Problem to work on
I'd like the entries repeated exactly, pictures omitted.
=== Given records ===
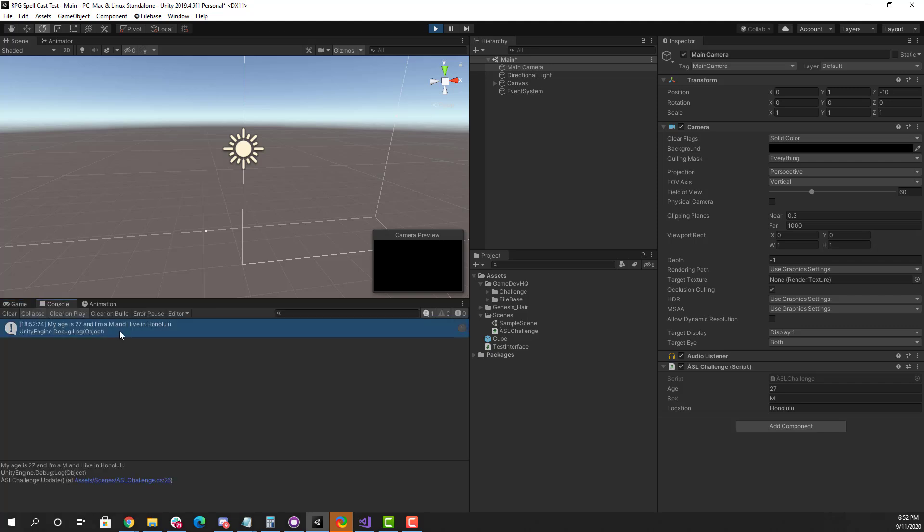So if you guys like this, let me know what you think in the comments if you want to see more Unity Coding Challenge videos.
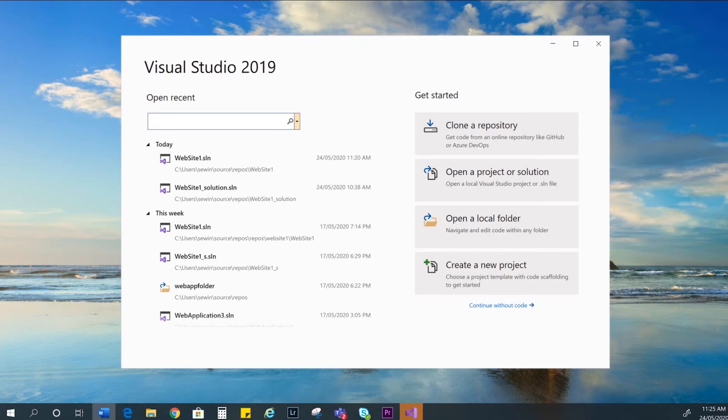Hi, I'm going to be showing you how to use Visual Studio to create a static website. In this video, I'll show you how to create, open and save files.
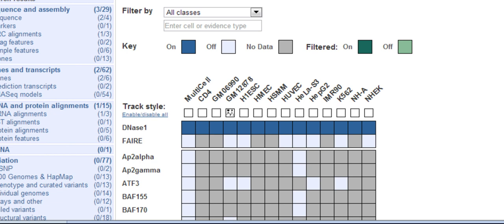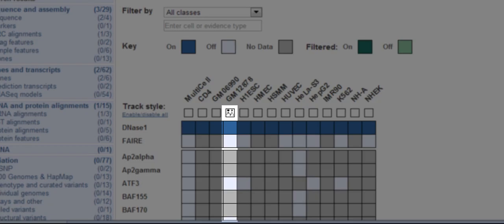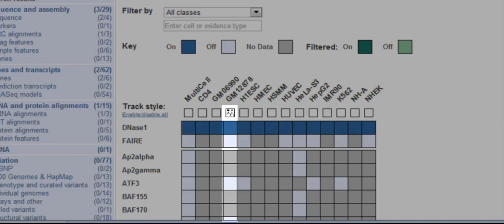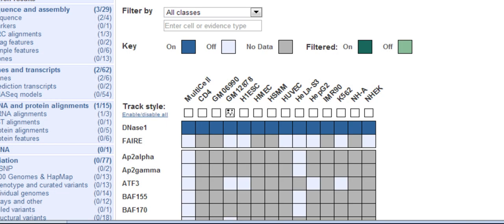If I close the matrix now, I will only see data for the dark blue boxes under GM12878. These will be DNase1 hypersensitivity and CTCF binding sites only.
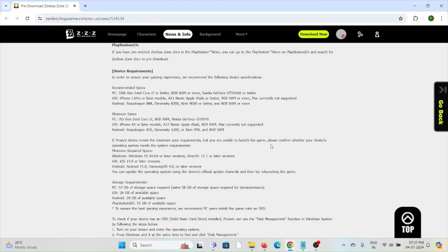Those are the recommended specs, but if you don't meet them, the minimum requirements are: PC with a 7th generation Intel Core i5 processor and 8 GB of RAM with an Nvidia GeForce GTX 970. For iOS, iPhone XS or later with A12 Bionic and Apple iPads with 4 GB of RAM. Mac is currently not supported. For Android, Snapdragon 855, Dimensity 1200, or Kirin 990 with 8 GB of RAM.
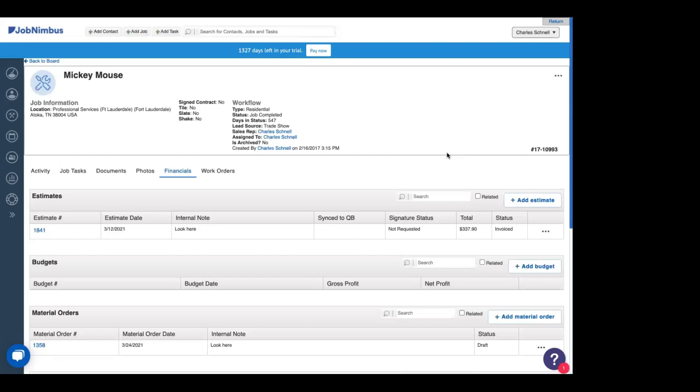We've been adding an estimate, material order, and an invoice that we're going to send out to Mickey for this very small job. It's for a summer hut, so the roof's not that big. And right now, we actually need to figure out the profit we're going to be making on this. So we're going to be using budgets.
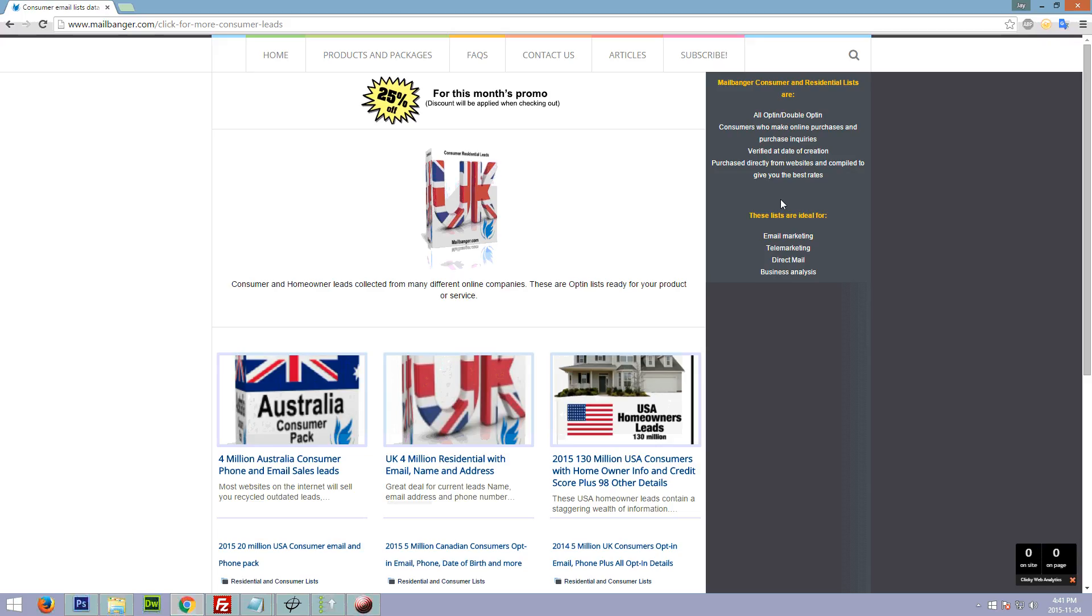Mailbanger.com carries many different types of leads for your small and medium-sized business as a spark plug for obtaining a customer base.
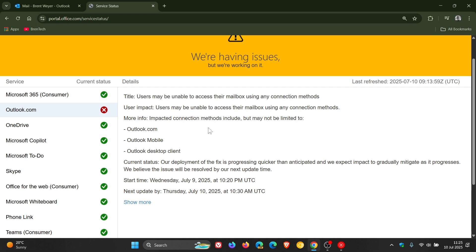Impacted connection methods include but may not be limited to Outlook.com, Outlook Mobile, and Outlook Desktop Client.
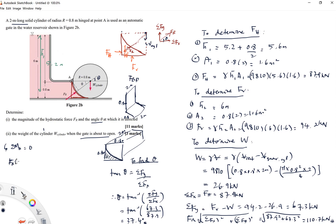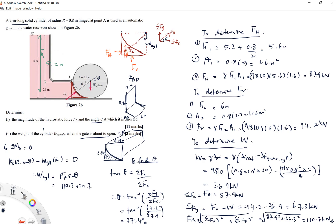Taking the moment about A equal to zero when the gate is about to open: FR × R × sin(θ) − W_cylinder × R = 0. The R cancels, so W_cylinder = FR × sin(θ) = 110.7 × sin(37.4°) = 67.2 kN. I hope you gained something from this video — you now know how to calculate the hydrostatic force on a curved surface and find external forces. Thank you.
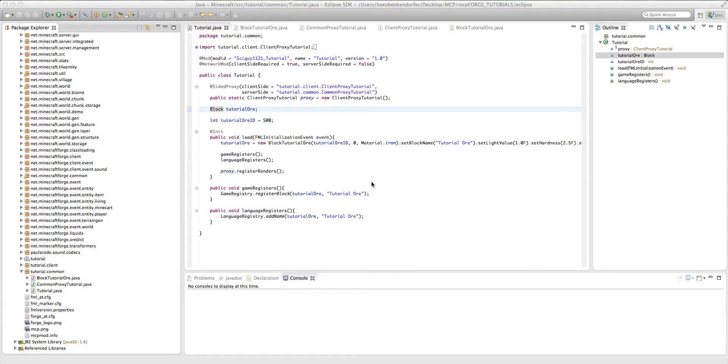Hello and welcome to your 7th Minecraft Forge Modding Tutorial for Minecraft 1.4.6. This is SciGuy1.1.2.1 and let's go ahead and get started. In the last tutorial I talked to you about how to add custom block drops to your new block, and in this tutorial I want to talk to you about how to add ore generation.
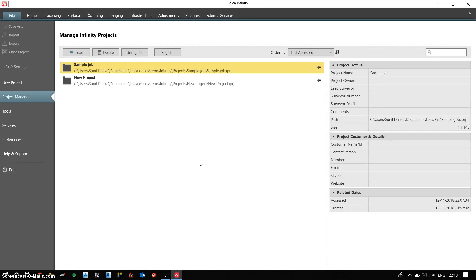In this video we will see how we can post process data in Leica Infinity software. We presume that we have already defined coordinate system in the project.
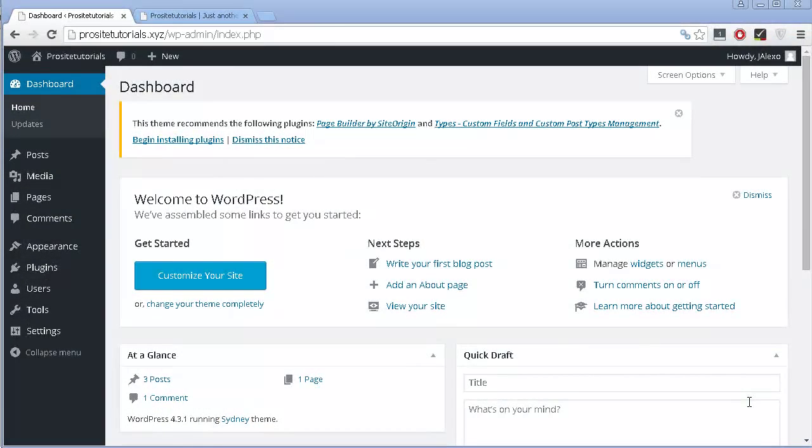Hey there! This is John Alexo from ProSite Tutorials where I talk about professional websites in five steps. So in this video, I'm going to quickly explain how you can use plugins.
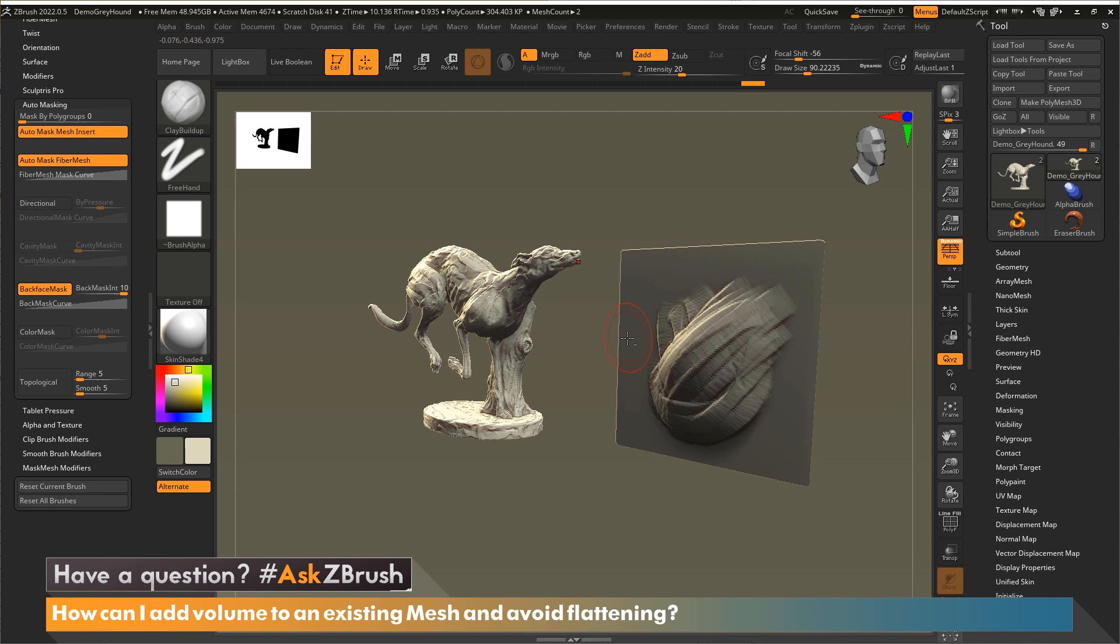And that is how I can maintain volume of a mesh without flattening. So thank you for watching this video and please continue sending in your questions to Twitter with the hashtag ask ZBrush. Again, send us a question through Twitter and make sure to put the hashtag ask ZBrush. Once again, thank you for watching. Have a great day. Happy ZBrushing.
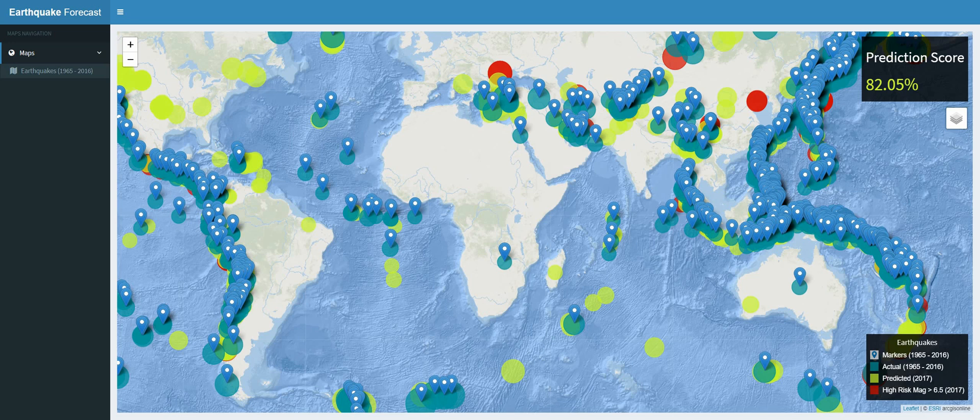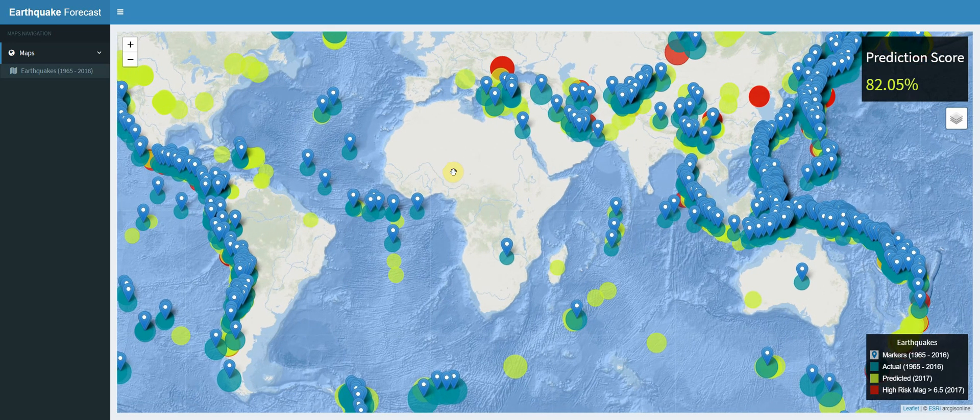Welcome to the Machine Learning for Predictive Maps in Python and Leaflet course. In this course we will be building an earthquake forecasting map application. We will build this application by using a variety of independent tools and then integrate those tools to produce a full-stack web GIS application, writing code in multiple programming languages to gain experience with different stacks.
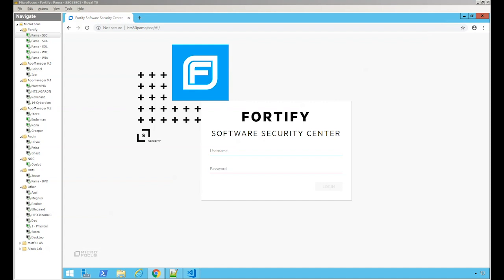In this video I'm going to walk you through how to connect your Fortify Software Security Center or SSC to an Active Directory LDAP in under five minutes.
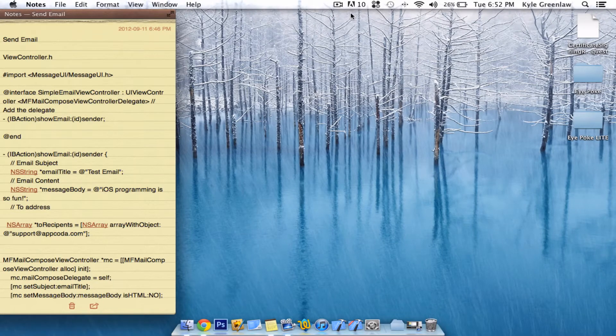Hey guys, what's up? It's Kyle from CairoApps here. It's my second video for today, and as you can tell by the title, it is going to be about sending an email from your application.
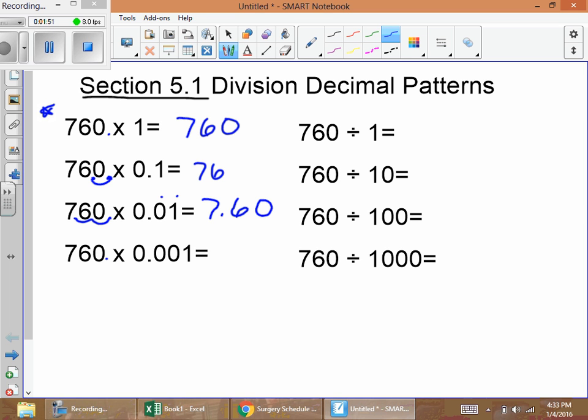Then we're multiplying by one thousandth: 760 times one thousandth. We're moving the decimal left three spots — one, two, three — and our answer is zero point seven six zero.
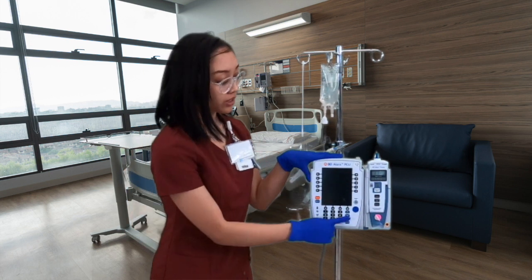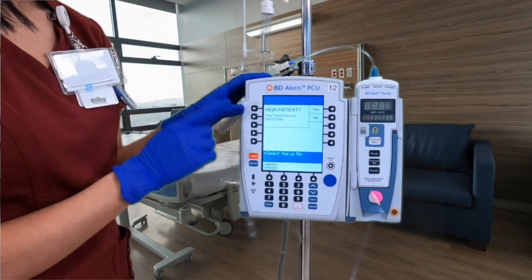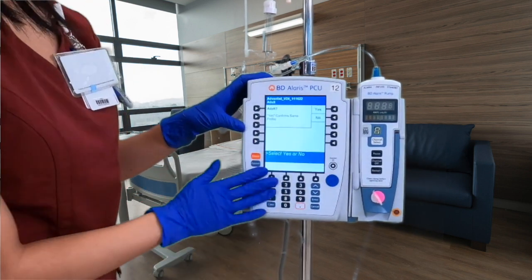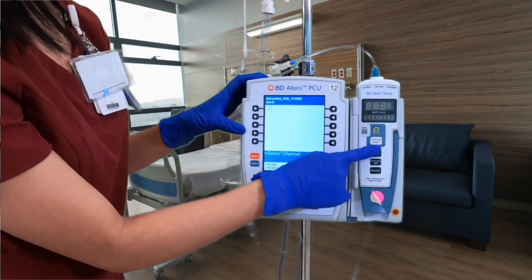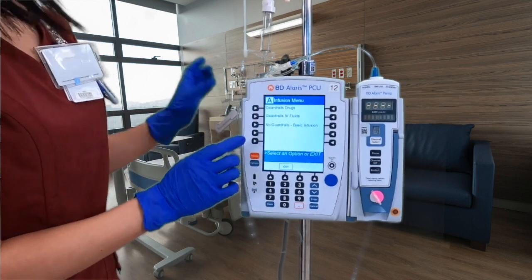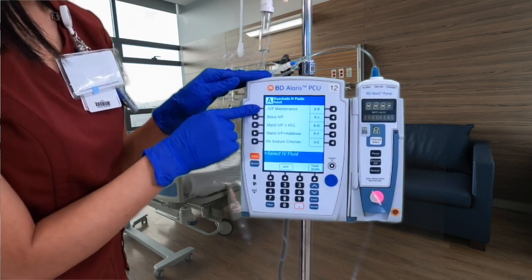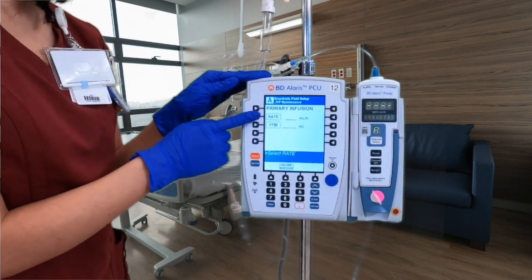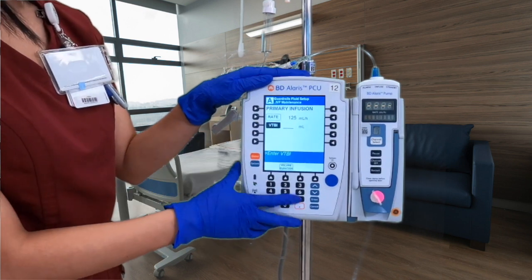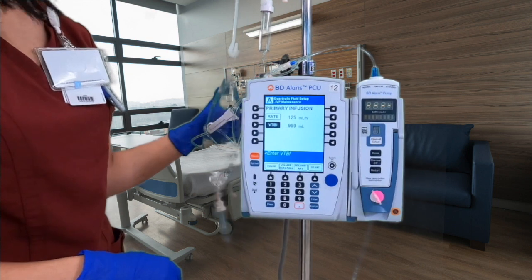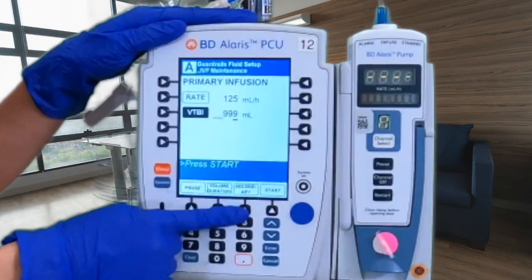Now we're ready to program. Press the system on button once. Because this is a new patient, press yes to clear previous patient data; because this is an adult, press yes again. Click channel select, then press Guardrails IV Fluids. Select IV maintenance fluid — yes. We now have our rate set to 125 mL/hr with a volume to be infused of 999. Check your order and your bags. We will not press start yet — instead, press secondary because we have a secondary fluid.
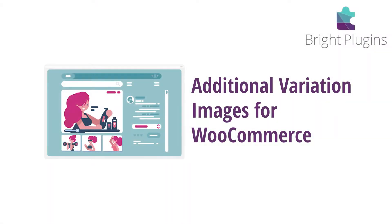Hello, it's Morgan from Bright Plugins, and today I'm going to be showing you how to install and use the Variation Images plugin for WooCommerce.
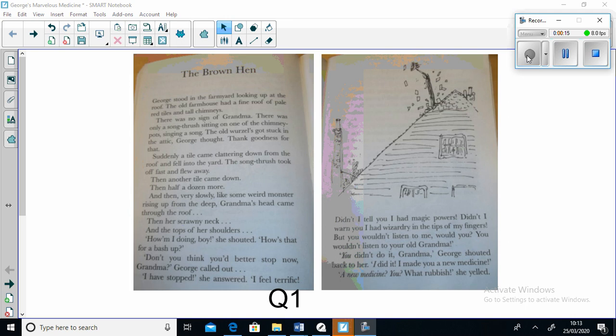The next chapter is called The Brown Hen. George stood in the farmyard looking up at the roof. The old farmhouse had a fine roof of pale red tiles and tall chimneys. There was no sign of Grandma. There was only a song thrush sitting on one of the chimney pots singing a song.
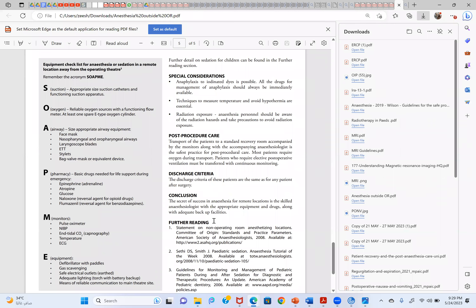I used to give spinal for endoscopy frequently but I've now moved away from it — you should evolve as an anaesthetist and try different techniques rather than sticking to what you did ten years ago. We will discuss endoscopic urology in detail in a future session as there are many specific concerns.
===
Output
So if you guys like this, let me know what you think in the comments if you want to see more Unity Coding Challenge videos.
Hi, I'm going to be showing you how to use Visual Studio to create a static website. In this video, I'll show you how to create, open and save files.
If I close the matrix now, I will only see data for the dark blue boxes under GM12878. These will be DNase1 hypersensitivity and CTCF binding sites only.
Those are the recommended specs, but if you don't meet them, the minimum requirements are: PC with a 7th generation Intel Core i5 processor and 8 GB of RAM with an Nvidia GeForce GTX 970. For iOS, iPhone XS or later with A12 Bionic and Apple iPads with 4 GB of RAM. Mac is currently not supported. For Android, Snapdragon 855, Dimensity 1200, or Kirin 990 with 8 GB of RAM.
We've been adding an estimate, material order, and an invoice that we're going to send out to Mickey for this very small job. It's for a summer hut, so the roof's not that big. And right now, we actually need to figure out the profit we're going to be making on this. So we're going to be using budgets.
Mailbanger.com carries many different types of leads for your small and medium-sized business as a spark plug for obtaining a customer base.
Impacted connection methods include but may not be limited to Outlook.com, Outlook Mobile, and Outlook Desktop Client.
Taking the moment about A equal to zero when the gate is about to open: FR × R × sin(θ) − W_cylinder × R = 0. The R cancels, so W_cylinder = FR × sin(θ) = 110.7 × sin(37.4°) = 67.2 kN. I hope you gained something from this video — you now know how to calculate the hydrostatic force on a curved surface and find external forces. Thank you.
Hello and welcome to your 7th Minecraft Forge Modding Tutorial for Minecraft 1.4.6. This is SciGuy1.1.2.1 and let's go ahead and get started. In the last tutorial I talked to you about how to add custom block drops to your new block, and in this tutorial I want to talk to you about how to add ore generation.
In this video we will see how we can post process data in Leica Infinity software. We presume that we have already defined coordinate system in the project.
Hey there! This is John Alexo from ProSite Tutorials where I talk about professional websites in five steps. So in this video, I'm going to quickly explain how you can use plugins.
And that is how I can maintain volume of a mesh without flattening. So thank you for watching this video and please continue sending in your questions to Twitter with the hashtag ask ZBrush. Again, send us a question through Twitter and make sure to put the hashtag ask ZBrush. Once again, thank you for watching. Have a great day. Happy ZBrushing.
Welcome to the Machine Learning for Predictive Maps in Python and Leaflet course. In this course we will be building an earthquake forecasting map application. We will build this application by using a variety of independent tools and then integrate those tools to produce a full-stack web GIS application, writing code in multiple programming languages to gain experience with different stacks.
In this video I'm going to walk you through how to connect your Fortify Software Security Center or SSC to an Active Directory LDAP in under five minutes.
Hey guys, what's up? It's Kyle from CairoApps here. It's my second video for today, and as you can tell by the title, it is going to be about sending an email from your application.
Then we're multiplying by one thousandth: 760 times one thousandth. We're moving the decimal left three spots — one, two, three — and our answer is zero point seven six zero.
Now we're ready to program. Press the system on button once. Because this is a new patient, press yes to clear previous patient data; because this is an adult, press yes again. Click channel select, then press Guardrails IV Fluids. Select IV maintenance fluid — yes. We now have our rate set to 125 mL/hr with a volume to be infused of 999. Check your order and your bags. We will not press start yet — instead, press secondary because we have a secondary fluid.
Hello, it's Morgan from Bright Plugins, and today I'm going to be showing you how to install and use the Variation Images plugin for WooCommerce.
The next chapter is called The Brown Hen. George stood in the farmyard looking up at the roof. The old farmhouse had a fine roof of pale red tiles and tall chimneys. There was no sign of Grandma. There was only a song thrush sitting on one of the chimney pots singing a song.
I used to give spinal for endoscopy frequently but I've now moved away from it — you should evolve as an anaesthetist and try different techniques rather than sticking to what you did ten years ago. We will discuss endoscopic urology in detail in a future session as there are many specific concerns.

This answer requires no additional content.